Sunday, 6 October 1861 - Stokes' Ranges, Surprise Creek.
Left the tank this morning, carrying as much water as possible on the camels and two horse loads sufficient for ourselves for four days and one drink for the horses; calculating on making Koliatti or Poria Creek in four days. If I find water on the track I intend striking for WiIkie's Creek. The sandhills covered with grass and flowers, and even the bare clayey plains, and the miserable stony country, between them and the ranges had struggled into something resembling vegetation. The ranges, where we entered them, by Brahe's Gap, are not so high as where we crossed them more to the westward, but run in low ridges along wide stony valleys formed by the numerous gorges we found so difficult to cross. Mulga and acacia shrub everywhere, but not much feed; only saltbush and very short herbage grown since the rains. We were agreeably surprised by a fine waterhole in the first creek we came to, which proved to be the lowest of several of nearly the same size higher up the creek. I believe it to he about ten yards wide and eighty long, and some three or four feet deep. Distance eighteen miles.
Monday, 7 October 1861 - Stokes Ranges, Keppel's Creek
28° 17', 142° 30'
We were late in leaving camp this morning, as nineteen of the horses had followed the track back for several miles. The country travelled through for fifteen miles was much of the same character -wide stony flats surrounded by low ridges, and intersected by gum creeks coming from the gorges in a northerly direction. We passed through a succession of gaps, in each of which we found a creek with pools of clear rain-water, and from the very loose gravelly nature of the ground, I am inclined to believe that these creeks are still running slowly underground since the rain. At fifteen miles came on the south slopes of the range, with a wide view towards Koliatti and Poria. Camped on a small watercourse near its junction with Keppel's Creek Two tolerable pools of water.
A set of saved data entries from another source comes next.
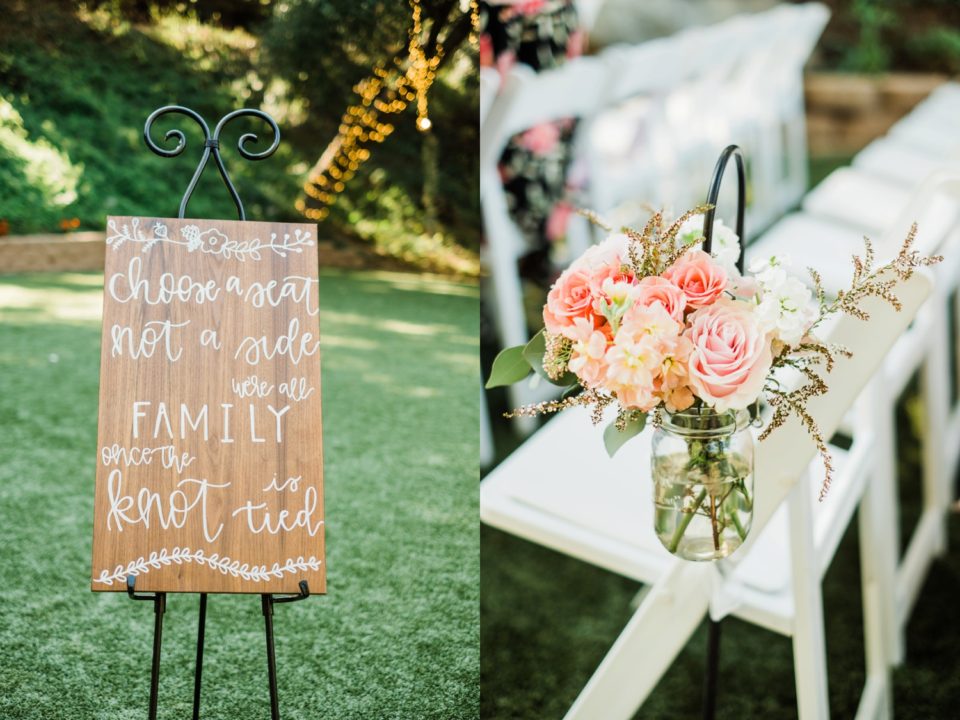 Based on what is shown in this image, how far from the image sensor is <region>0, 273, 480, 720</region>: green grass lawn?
2.03m

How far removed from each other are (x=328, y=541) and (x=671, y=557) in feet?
4.18

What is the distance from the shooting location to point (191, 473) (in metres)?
1.38

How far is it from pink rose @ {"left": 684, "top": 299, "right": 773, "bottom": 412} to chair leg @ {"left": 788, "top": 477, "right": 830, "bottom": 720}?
0.40 meters

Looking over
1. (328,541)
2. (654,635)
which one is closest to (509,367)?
(654,635)

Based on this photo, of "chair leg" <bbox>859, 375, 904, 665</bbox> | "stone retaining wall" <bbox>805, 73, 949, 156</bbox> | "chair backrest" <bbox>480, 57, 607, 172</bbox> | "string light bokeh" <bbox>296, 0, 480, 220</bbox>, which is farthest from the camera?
"stone retaining wall" <bbox>805, 73, 949, 156</bbox>

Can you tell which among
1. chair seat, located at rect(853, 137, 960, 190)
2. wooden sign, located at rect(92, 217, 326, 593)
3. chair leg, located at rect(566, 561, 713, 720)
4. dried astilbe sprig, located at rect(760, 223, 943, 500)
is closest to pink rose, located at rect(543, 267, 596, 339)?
dried astilbe sprig, located at rect(760, 223, 943, 500)

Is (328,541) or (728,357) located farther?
(328,541)

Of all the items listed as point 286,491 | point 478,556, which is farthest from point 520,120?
point 286,491

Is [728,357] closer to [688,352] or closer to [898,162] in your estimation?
[688,352]

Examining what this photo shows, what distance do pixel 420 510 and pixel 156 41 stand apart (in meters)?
1.54

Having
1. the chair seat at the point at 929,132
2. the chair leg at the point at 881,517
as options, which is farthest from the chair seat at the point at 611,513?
the chair seat at the point at 929,132

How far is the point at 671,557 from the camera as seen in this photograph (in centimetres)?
155

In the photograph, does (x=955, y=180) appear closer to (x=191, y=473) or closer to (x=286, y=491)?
(x=286, y=491)

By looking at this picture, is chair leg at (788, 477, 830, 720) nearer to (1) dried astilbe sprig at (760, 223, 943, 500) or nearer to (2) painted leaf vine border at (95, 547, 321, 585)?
(1) dried astilbe sprig at (760, 223, 943, 500) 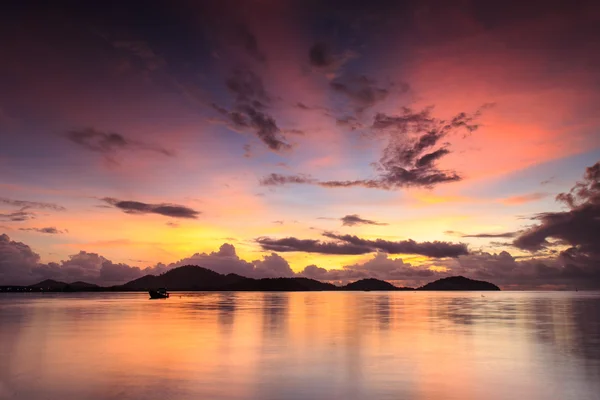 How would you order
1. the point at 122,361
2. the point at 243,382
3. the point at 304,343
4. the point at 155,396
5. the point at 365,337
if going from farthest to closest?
1. the point at 365,337
2. the point at 304,343
3. the point at 122,361
4. the point at 243,382
5. the point at 155,396

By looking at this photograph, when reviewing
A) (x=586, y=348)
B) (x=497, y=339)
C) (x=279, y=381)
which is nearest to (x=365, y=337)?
(x=497, y=339)

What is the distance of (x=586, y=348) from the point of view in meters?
34.5

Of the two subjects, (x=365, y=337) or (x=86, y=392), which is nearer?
(x=86, y=392)

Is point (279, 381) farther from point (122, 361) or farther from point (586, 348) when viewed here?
point (586, 348)

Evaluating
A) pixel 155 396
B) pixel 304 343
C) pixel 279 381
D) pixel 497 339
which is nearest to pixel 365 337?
pixel 304 343

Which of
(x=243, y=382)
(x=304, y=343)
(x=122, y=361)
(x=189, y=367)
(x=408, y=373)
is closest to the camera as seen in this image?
(x=243, y=382)

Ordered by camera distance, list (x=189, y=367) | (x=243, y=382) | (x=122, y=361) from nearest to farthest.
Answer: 1. (x=243, y=382)
2. (x=189, y=367)
3. (x=122, y=361)

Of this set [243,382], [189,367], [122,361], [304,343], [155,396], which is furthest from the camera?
[304,343]

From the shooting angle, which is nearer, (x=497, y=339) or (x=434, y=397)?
(x=434, y=397)

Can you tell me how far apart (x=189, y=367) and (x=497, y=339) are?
1055 inches

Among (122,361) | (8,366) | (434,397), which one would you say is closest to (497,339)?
(434,397)

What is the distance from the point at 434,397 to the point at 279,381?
749 centimetres

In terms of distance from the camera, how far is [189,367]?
88.1 ft

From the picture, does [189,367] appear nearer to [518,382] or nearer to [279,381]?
[279,381] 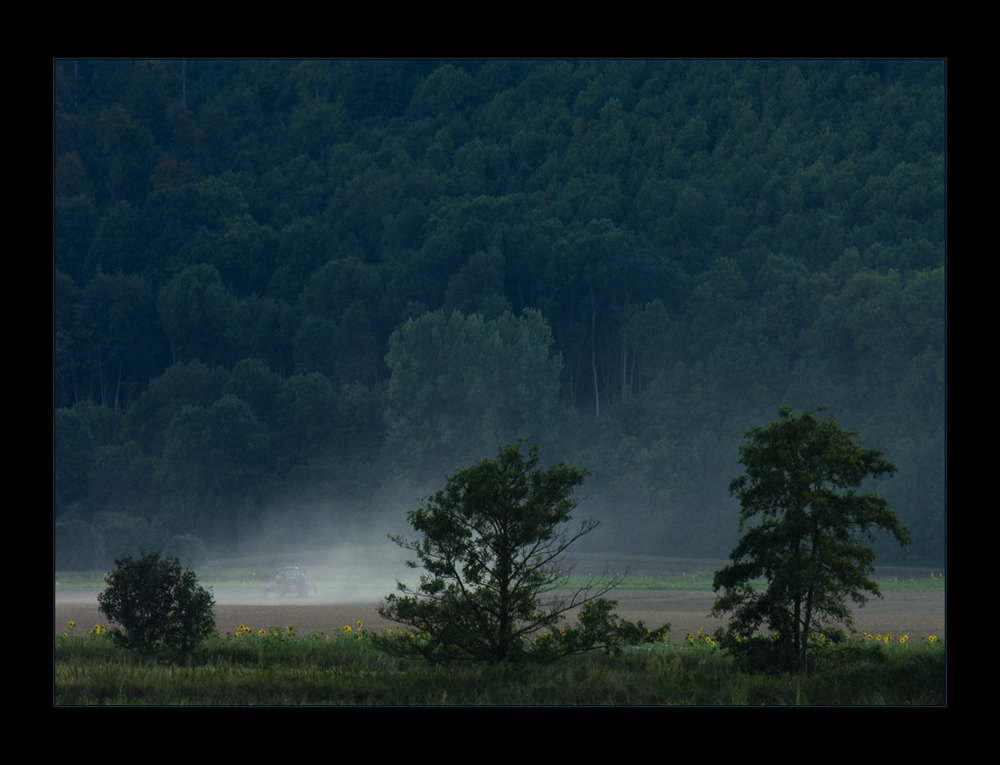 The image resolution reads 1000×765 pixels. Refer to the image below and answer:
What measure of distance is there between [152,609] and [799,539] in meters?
10.3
Another make believe thunder-storm tonight with violent gusts of wind, but no rain excepting at two places to the N. W., where it appeared to be raining, about a mile wide. Everything looks springlike here.
Tuesday, 8 October 1861 - Junction Camp No. 21.
Crossed Keppel's Creek and travelled over stony slopes for six miles, when we crossed the creek on to barren sandy plains. At three miles entered the sandhills and found the country terribly burned up, and no sign of water. Rain cannot have fallen here for some time. Made our old camp in twenty-two miles from Keppel's Creek, and found water still in the small creek, but the feed very dry and scanty.
Wednesday, 9 October 1861 - Poria Creek
When the party started this morning I went to the westward if the track, and found that at a short distance the sandhills terminated in the gum forests and polygonum swamp before mentioned. From a high sandhill I could see across these for many miles towards the range in a westerly direction and I believe that they also extend to or across Wilkie's Creek to the south. I found no water, but I am convinced that there are other channels similar to the one we camped on last night which will contain water for months after rain. At Wilkie's Creek I again left the track, and followed the creek upward, crossing several deep channels running in and out of it, and full of water. At a short distance I came on a large sheet of water, certainly mere than a mile long and about eighty feet wide, and with the couch grass growing on its banks, and large box timber, having a striking resemblance to some of the smaller branches of Cooper's Creek. It is a far finer watercourse than I had at first supposed. Made Poria Creek about two o' clock. The country very dry and parched we seem, in one days journey to have travelled from Spring into Summer.